Une partie de l’opinion estime que la dette des établissements et entreprises publiques aurait déjà été intégrée dans les chiffres publiés. Or, une lecture rigoureuse des rapports montre que ni la Cour des comptes ni Mazars n’ont inclus la dette parapublique dans leurs calculs.

Ce que dit la Cour des comptes
Le rapport définitif de la Cour des comptes sur la situation des finances publiques (gestion 2019-31 mars 2024) distingue de manière explicite la dette de l’Administration centrale de celle du secteur parapublic. Les chiffres sont sans équivoque :
Page 24 – Tableau 19 (Bulletin trimestriel de la dette publique, 1ᵉʳ trimestre 2023) :
• Dette du secteur parapublic : 1381 milliards F Cfa
• Dette de l’Administration centrale : 13 773 milliards F Cfa
• Dette publique totale : 15 754 milliards F Cfa
Cette distinction montre clairement que la dette des entreprises et établissements publics n’a pas été intégrée au calcul du ratio global de la dette publique. Par ailleurs, à la page 44 du rapport, la Cour des comptes indique que l’encours de la dette de l’Administration centrale s’élève à 18 558,91 milliards F Cfa à fin 2023, soit 99, 67% du Pib.
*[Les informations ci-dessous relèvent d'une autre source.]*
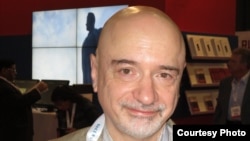 Михаил Эпштейн (фото: Александр Генис)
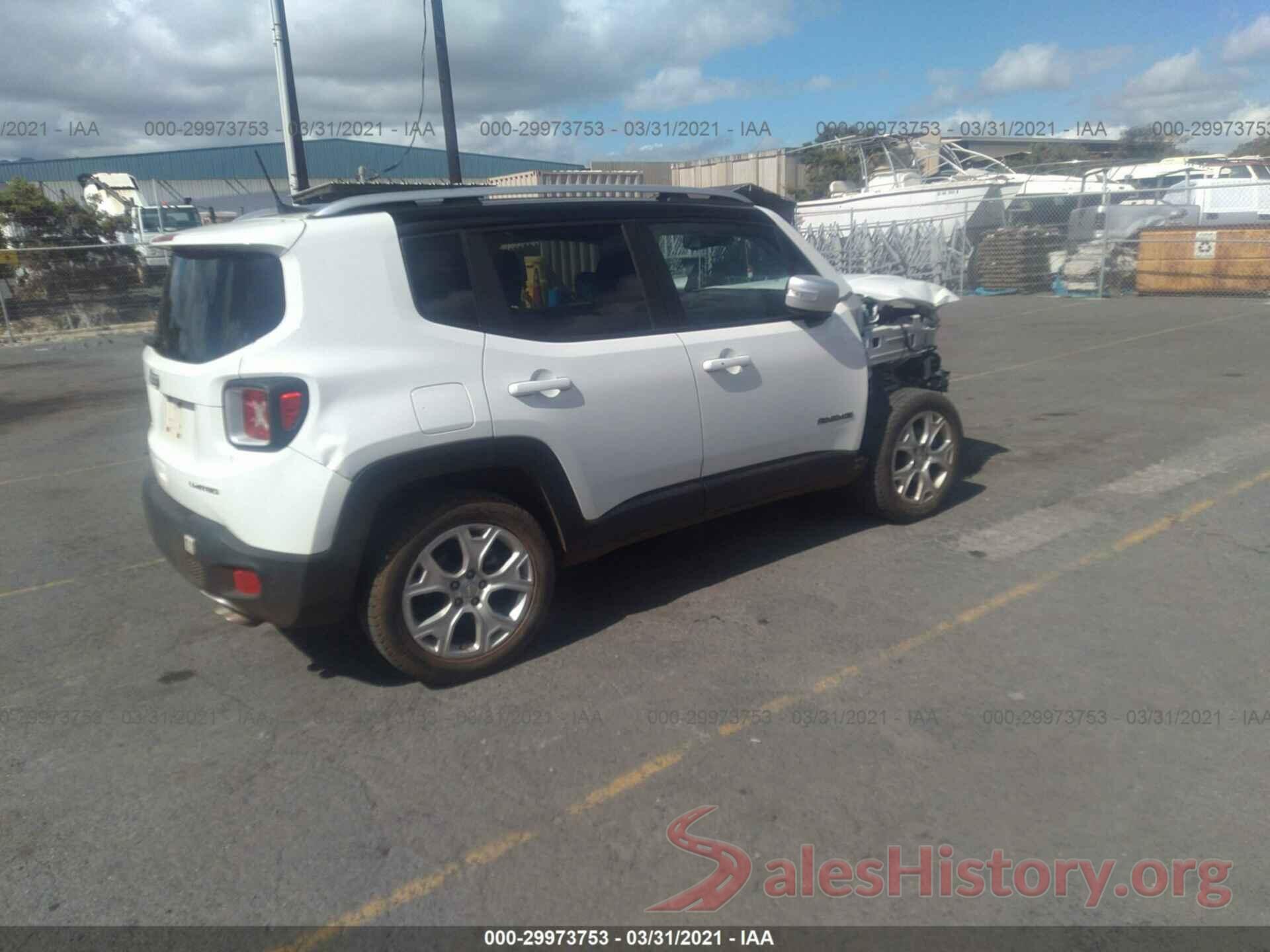 ZACCJBDB9JPH06039 2018 JEEP RENEGADE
Autrement dit, la Cour des comptes ne prend en compte que la dette budgétaire de l’Etat central, à l’exclusion des passifs du secteur parapublic.

Ce que dit le Fmi
Le communiqué du Fmi du 26 août 2025, publié à la suite de l’audit de Forvis Mazars, précise : «Following the comprehensive reconciliation exercise conducted by Forvis Mazars, the authorities have revised the stock of central government debt from 74.4% to 111.0% of Gdp at end-2023. At end-2024, the revised debt statistics show central government debt reached 118.8 % of Gdp.» — Fmi, communiqué du 26 août 2025 (imf.org).
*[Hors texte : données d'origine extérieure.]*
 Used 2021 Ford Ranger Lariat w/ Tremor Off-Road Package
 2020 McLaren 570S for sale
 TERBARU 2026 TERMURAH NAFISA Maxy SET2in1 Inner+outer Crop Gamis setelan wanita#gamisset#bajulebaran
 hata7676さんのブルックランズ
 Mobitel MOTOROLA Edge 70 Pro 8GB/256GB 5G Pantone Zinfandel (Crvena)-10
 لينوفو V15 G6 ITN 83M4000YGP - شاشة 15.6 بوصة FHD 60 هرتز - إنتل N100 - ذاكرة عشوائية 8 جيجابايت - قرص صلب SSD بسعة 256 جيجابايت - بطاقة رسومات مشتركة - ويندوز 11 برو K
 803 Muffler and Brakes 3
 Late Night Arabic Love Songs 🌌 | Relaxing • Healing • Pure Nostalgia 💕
Le terme «central government debt» confirme que Mazars, comme la Cour des comptes, a limité son analyse à la dette du gouvernement central, sans y inclure les engagements du secteur parapublic. Les ratios compris entre 99% et 118% du Pib concernent donc exclusivement la dette budgétaire directe de l’Etat.
Ce que dit Bloomberg : l’ajout de la dette des entreprises publiques par le Fmi
Selon un article de Bloomberg L.P. daté du 17 octobre 2025, le Fmi a récemment étendu le périmètre d’évaluation de la dette publique pour y inclure les entreprises publi­ques et autres entités parapubliques. «The Imf now includes state-owned enterprises’ liabilities in Senegal’s public debt, which brings the total debt-to-GDP ratio to about 132 percent at the end of 2024.» — Bloomberg, 17 octobre 2025 (bloomberg.com).
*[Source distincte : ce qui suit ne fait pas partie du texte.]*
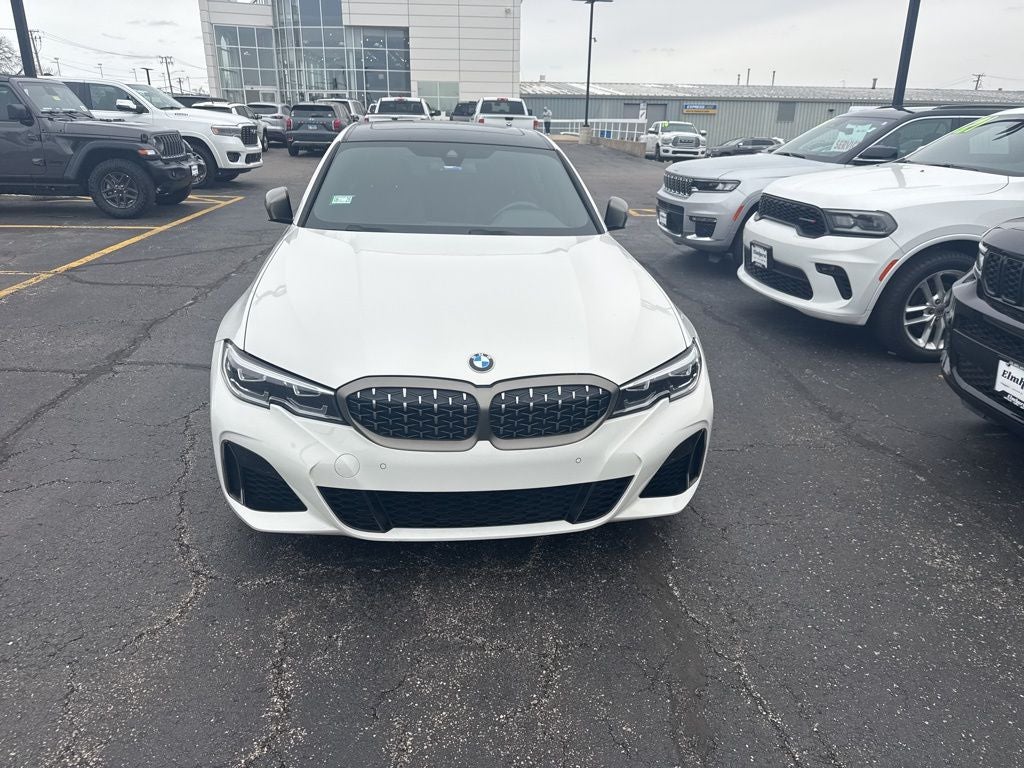 2022 BMW 3 Series M340i xDrive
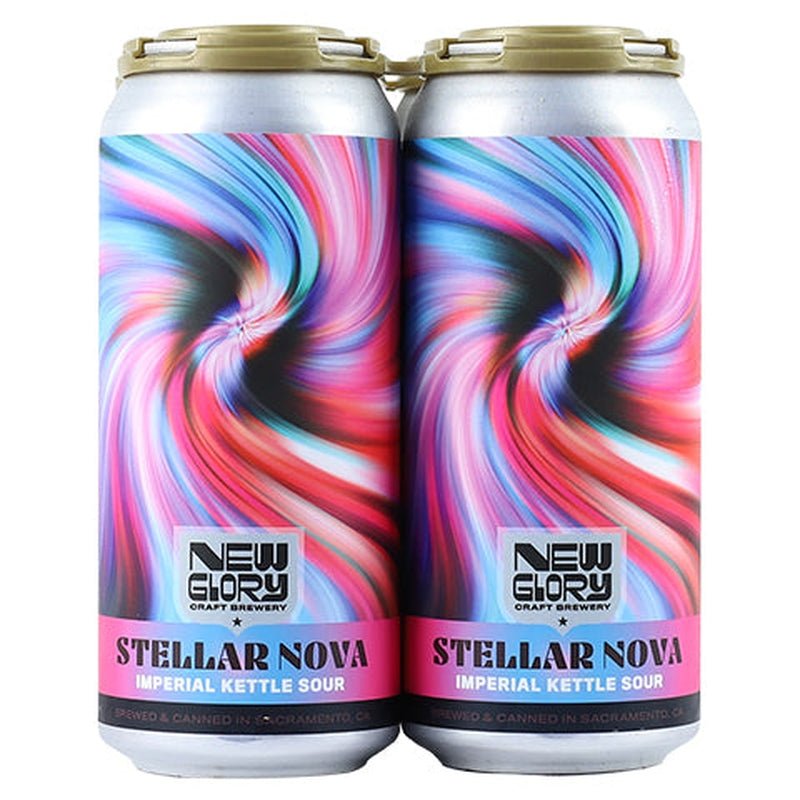 New Glory Craft Brewery 'Stellar Nova' Imperial Kettle Sour - LoveScotch.com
Cette nouvelle estimation élève donc la dette publique totale consolidée (Etat + entreprises publiques) à environ 130-132% du Pib, contre 118% pour la dette de l’Etat central seul. Cette révision s’explique par la prise en compte des engagements contingents et des garanties de l’Etat vis-à-vis d’entreprises publiques comme Senelec, Petrosen ou certaines agences d’exécution, souvent endettées auprès de bailleurs multilatéraux ou sur les marchés internationaux.
Conclusion

L’analyse croisée des rapports de la Cour des comptes, de Forvis Mazars et des données du Fmi montre que l’écart entre les ratios de dette du Sénégal -de 99% à 132% du PIb- ne provient pas d’une erreur de calcul, mais d’un changement de périmètre comptable. Les deux premiers rapports se limitent à la dette budgétaire de l’Etat central, tandis que le Fmi, dans son évaluation la plus récente, y a ajouté la dette des entreprises publiques, offrant ainsi une image plus complète mais aussi plus préoccupante de l’endettement global du pays.